Para quê
serve o seguro obrigatório de veículos, o DPVAT? Pouca gente sabe a razão de ser
do seguro obrigatório. Apenas pensa, com razão, que não passa de mais um
"imposto" cobrado pelo governo que não serve para mais nada a não ser engordar
cofres públicos e privados. Sim, porque do jeito que ele está estruturado hoje,
não atende às expectativas da população (que aliás, mal o conhece) dentro da sua
finalidade. Então, primeiro é preciso esclarecer duas coisas:
1) DPVAT não é imposto, é um seguro;
2) é um seguro de Responsabilidade Civil (RC) para terceiros, não para o
proprietário do veículo.
Ele serve para indenizar as vítimas de acidentes de automóveis. Todos os países
desenvolvidos têm seguro obrigatório para terceiros porque parte-se do princípio
que o automóvel é um bem "danoso", não apenas a pessoas que podem morrer ou
ficar inválidas em acidentes provocados por motoristas mas também a bens
materiais, explicam Paulo Eduardo de Freitas Botti e Luiz Roberto Latini,
consultores da G5, empresa especializada em mercado segurador.
Botti e Latini têm uma visão radical a respeito do seguro obrigatório e uma
proposta um tanto inusitada: aumentar o preço que se paga hoje dos atuais R$ 76
para R$ 200. A princípio pode parecer uma gozação. Mas não, o que eles propõem
merece atenção. Em um amplo estudo sobre o tema, eles propõem o fim do DPVAT e a
criação de um novo seguro obrigatório, acrescentando às coberturas de danos
pessoais existentes hoje, a cobertura de danos materiais - daí porque o preço
mais alto. Seria uma espécie de fusão do DPVAT com o seguro popular,
regulamentado recentemente pela Superintendência de Seguros Privados (Susep)

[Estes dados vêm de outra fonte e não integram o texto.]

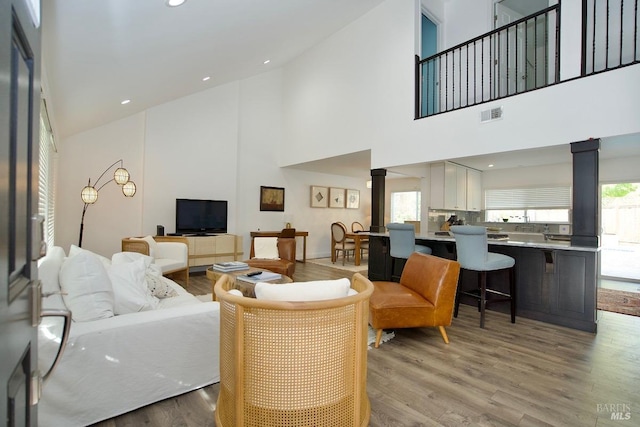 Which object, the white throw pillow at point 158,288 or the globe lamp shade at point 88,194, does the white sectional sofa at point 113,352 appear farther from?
the globe lamp shade at point 88,194

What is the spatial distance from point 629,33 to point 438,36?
283cm

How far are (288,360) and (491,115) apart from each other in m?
3.95

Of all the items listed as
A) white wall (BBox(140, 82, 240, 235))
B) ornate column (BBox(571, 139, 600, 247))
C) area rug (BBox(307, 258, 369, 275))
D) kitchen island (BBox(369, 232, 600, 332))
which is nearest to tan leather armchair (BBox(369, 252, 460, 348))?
kitchen island (BBox(369, 232, 600, 332))

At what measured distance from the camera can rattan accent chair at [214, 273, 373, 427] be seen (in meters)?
1.38

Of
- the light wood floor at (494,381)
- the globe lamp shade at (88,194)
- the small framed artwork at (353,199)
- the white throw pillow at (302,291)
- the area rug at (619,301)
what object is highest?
the small framed artwork at (353,199)

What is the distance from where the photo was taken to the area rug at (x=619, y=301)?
156 inches

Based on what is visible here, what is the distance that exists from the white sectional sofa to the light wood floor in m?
0.12

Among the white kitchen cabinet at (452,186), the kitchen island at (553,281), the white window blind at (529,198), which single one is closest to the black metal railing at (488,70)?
the white kitchen cabinet at (452,186)

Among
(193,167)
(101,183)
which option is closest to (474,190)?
(193,167)

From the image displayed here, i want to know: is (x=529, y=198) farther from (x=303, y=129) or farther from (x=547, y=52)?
(x=303, y=129)

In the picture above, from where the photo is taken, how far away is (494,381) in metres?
2.27

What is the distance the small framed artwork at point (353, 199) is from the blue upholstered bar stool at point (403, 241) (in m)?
4.76

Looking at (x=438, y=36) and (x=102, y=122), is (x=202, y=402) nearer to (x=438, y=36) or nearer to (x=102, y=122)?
(x=102, y=122)

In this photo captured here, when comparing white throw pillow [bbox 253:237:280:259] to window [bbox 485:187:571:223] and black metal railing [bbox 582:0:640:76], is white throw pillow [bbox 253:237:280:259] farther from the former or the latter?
black metal railing [bbox 582:0:640:76] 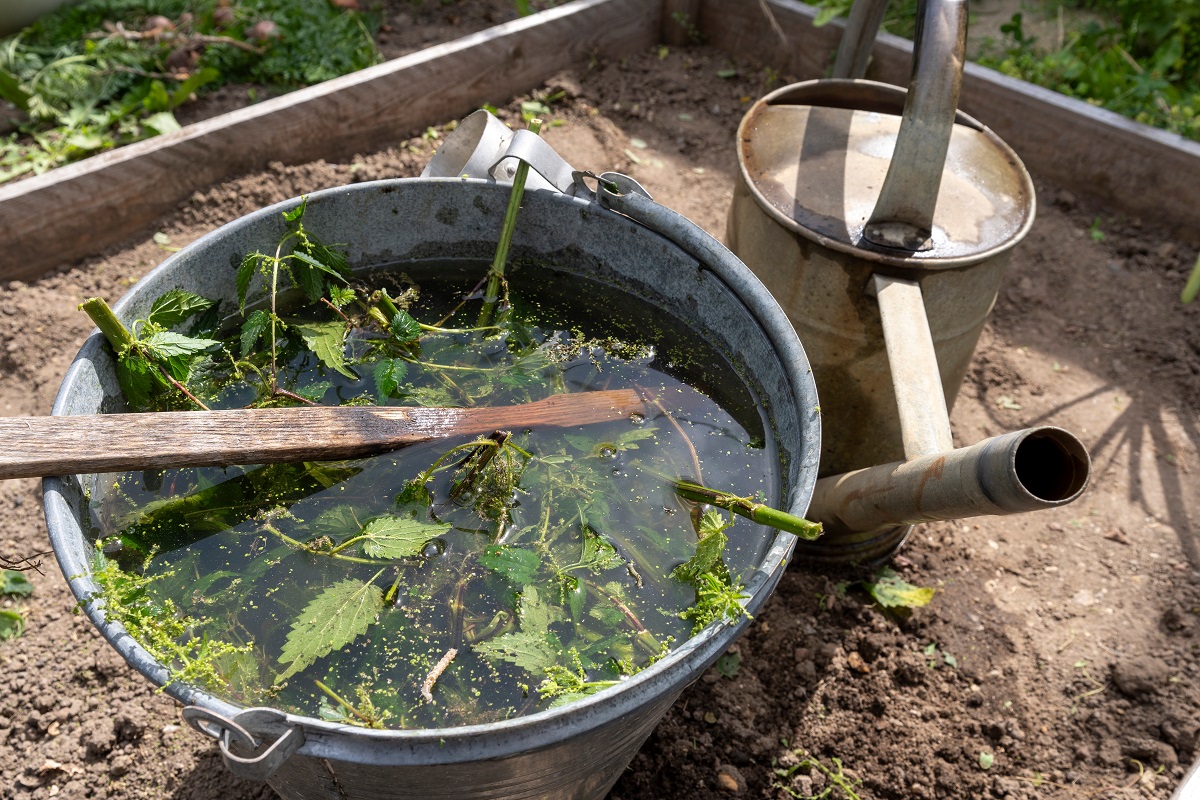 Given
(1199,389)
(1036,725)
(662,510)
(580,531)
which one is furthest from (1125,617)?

para atender à população de baixa renda, mas que até agora não emplacou.
Além de dar fim ao DPVAT, a proposta deles é acabar também com o convênio que
administra o seguro obrigatório e colocar a distribuição via mercado, na rede de
corretores e bancos. Do ponto de vista de arrecadação, nada muda: a destinação
dos recursos seria mantida para o SUS, a Susep e a Funenseg (fundação
responsável pela formação e certificação de corretores de seguros) e sindicatos.
Mas seria eliminada a participação de 2% das seguradoras. "A idéia é dar
competição a esse novo mercado. Hoje as seguradoras ganham 2% mesmo sem fazer
nada", diz Latini.
Do ponto de vista dos segurados, muda tudo. Hoje, enquanto todos os que têm
carro registrado legalmente devem pagar o seguro obrigatório, estima-se que
apenas 28% da frota de carros de passeio tem o chamado seguro do casco
(opcional), que cobre danos ao automóvel em caso de incêndio, colisão, e também
o roubo. A cobertura de RC para danos a terceiros, nesse caso, é facultativa.

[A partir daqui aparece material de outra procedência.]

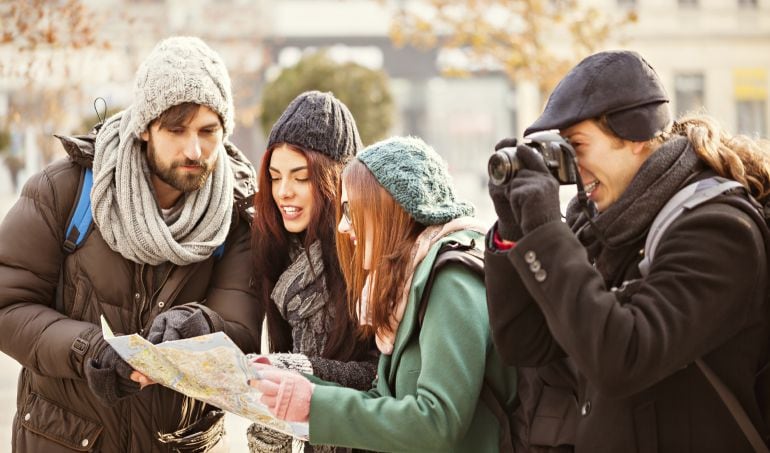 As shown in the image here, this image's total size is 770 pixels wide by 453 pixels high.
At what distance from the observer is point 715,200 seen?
221 cm

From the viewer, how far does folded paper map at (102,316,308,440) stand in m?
2.60

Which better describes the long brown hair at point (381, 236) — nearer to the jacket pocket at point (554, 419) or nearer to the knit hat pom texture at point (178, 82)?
the jacket pocket at point (554, 419)

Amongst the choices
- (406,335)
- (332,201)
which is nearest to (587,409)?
(406,335)

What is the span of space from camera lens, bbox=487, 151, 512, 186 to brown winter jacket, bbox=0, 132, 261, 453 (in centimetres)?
133

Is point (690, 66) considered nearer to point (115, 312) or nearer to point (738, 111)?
point (738, 111)

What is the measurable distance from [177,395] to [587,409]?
5.32 ft

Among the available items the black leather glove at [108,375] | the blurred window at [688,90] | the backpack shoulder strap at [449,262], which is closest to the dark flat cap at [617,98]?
the backpack shoulder strap at [449,262]

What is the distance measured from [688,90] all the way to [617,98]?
3448 centimetres

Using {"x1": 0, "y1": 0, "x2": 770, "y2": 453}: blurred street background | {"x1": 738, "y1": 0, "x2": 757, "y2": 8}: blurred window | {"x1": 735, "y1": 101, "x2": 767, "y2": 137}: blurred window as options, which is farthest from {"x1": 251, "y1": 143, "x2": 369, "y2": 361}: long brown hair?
{"x1": 738, "y1": 0, "x2": 757, "y2": 8}: blurred window

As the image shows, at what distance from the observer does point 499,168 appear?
91.5 inches

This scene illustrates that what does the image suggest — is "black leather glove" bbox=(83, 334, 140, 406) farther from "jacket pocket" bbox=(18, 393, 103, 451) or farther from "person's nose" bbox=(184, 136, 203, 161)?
"person's nose" bbox=(184, 136, 203, 161)

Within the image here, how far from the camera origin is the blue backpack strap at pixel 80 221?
3355 millimetres

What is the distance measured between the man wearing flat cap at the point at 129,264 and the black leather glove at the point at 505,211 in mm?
1204

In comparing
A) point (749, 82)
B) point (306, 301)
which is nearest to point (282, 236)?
point (306, 301) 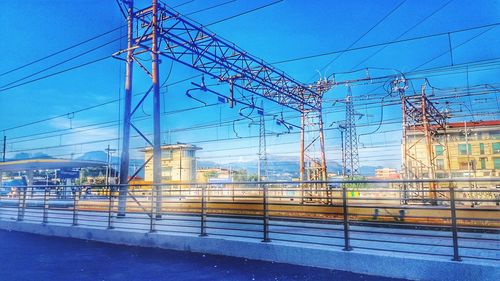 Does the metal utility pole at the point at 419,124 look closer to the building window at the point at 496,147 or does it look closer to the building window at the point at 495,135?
the building window at the point at 495,135

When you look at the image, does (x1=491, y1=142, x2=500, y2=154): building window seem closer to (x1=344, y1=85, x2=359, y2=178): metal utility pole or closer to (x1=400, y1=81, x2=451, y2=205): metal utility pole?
(x1=400, y1=81, x2=451, y2=205): metal utility pole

Dentro do princípio do mutualismo que rege os seguros (um grupo de pessoas paga
um pouco para constituir uma grande reserva e indenizar os possíveis sinistros),
ao trazer para o mercado todos os 72% que só compram DPVAT, necessariamente o
custo do seguro tende a baixar. Além de dar cobertura ao patrimônio de quem não
tem dinheiro para comprar seguro (por isso só paga o DPVAT), o modelo sugerido
pelos consultores traz uma melhora na qualidade da frota (as pessoas poderão
consertar seus automóveis em caso de colisões). O resultado indireto será maior
concorrência e, consequentemente, preços mais baixos.
Simulações feitas para o estudo da G5 mostram que custo médio de um seguro de
automóveis é de R$ 1.258,78 (R$ 1.150 da cobertura de casco e RC facultativo
mais R$ 76 do DPVAT). Botti calcula que, em um primeiro momento, esse valor
poderia baixar para R$ 940,52 (R$ 740 do seguro mais R$ 200 do DPVAT).
E pode até baixar mais, à medida que o seguro obrigatório deixa de ser um
mercado cativo, com remuneração fixa e garantida e passa a ser disputado pelo
mercado. É uma opção, dizem Botti e Latini, à proposta de seguro popular que até
agora não foi para a frente, por uma razão simples, segundo eles: é mais barato
porque sua cobertura é limitada a roubo. "Limitar cobertura não vale", diz Botti.